Still, If I hadn’t seen them…
Traffic paced up to 80 mph and I had somewhere to be and the water disappeared from view but the idea of me being on it didn’t. I had a brief but less menacing wander along the lines of An Occurrence at Owl Creek Bridge.
The hard part of being a fisherman is the not fishing. Which sounds a little self-inflicted and absurd on the face of it. Sometimes having had the experience is enough of a thing, like watching the great migration in Kenya or checking out the gargoyles of Chartres. Sometimes something you did in the past, like high school football or geometry, stays locked in that place and you don’t mind.
But fishing brings the irrational desire to be doing it when you shouldn’t be, and the dangerous speculation that you’d be happiest doing it at all times.

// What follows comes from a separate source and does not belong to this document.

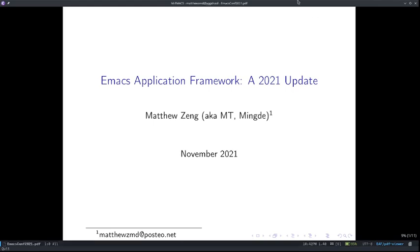Hi, my name is Matthew Zhen, aka MT or Mingde. Welcome to EmacsConf 2021. I hope everyone is enjoying the conference so far. I am one of the maintainers of the Emacs Application Framework. I was also here last year at EmacsConf 2020 and did a 20-minute presentation on the overall architecture of EAF as well as a small demo. A lot of things have changed since 2020, and that's why today I'm here to present the Emacs Application Framework 2021 update.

When I start to think that way I’m drawn back to “Some Remarks,” the opening essay of Thomas McGuane’s The Longest Silence:
“Worst of all are the lamentations of the angler who has given himself entirely to the the sport and feels that sportsmen up for the week or the season only to return to jobs or family don’t understand him.
I’m afraid the best angling is always a respite from burden. Good anglers should lead useful lives, and useful lives are marked by struggle, and difficulty, and even pain.”
Even so, it doesn’t always stick. Especially in Florida.
So against better judgment, I pressed down the gas pedal and guided the rental car into the fast lane, and cycled through a few more scenarios that would put me on the water, and not that fucker on the flats who by now was probably deep into a 40-inch redfish.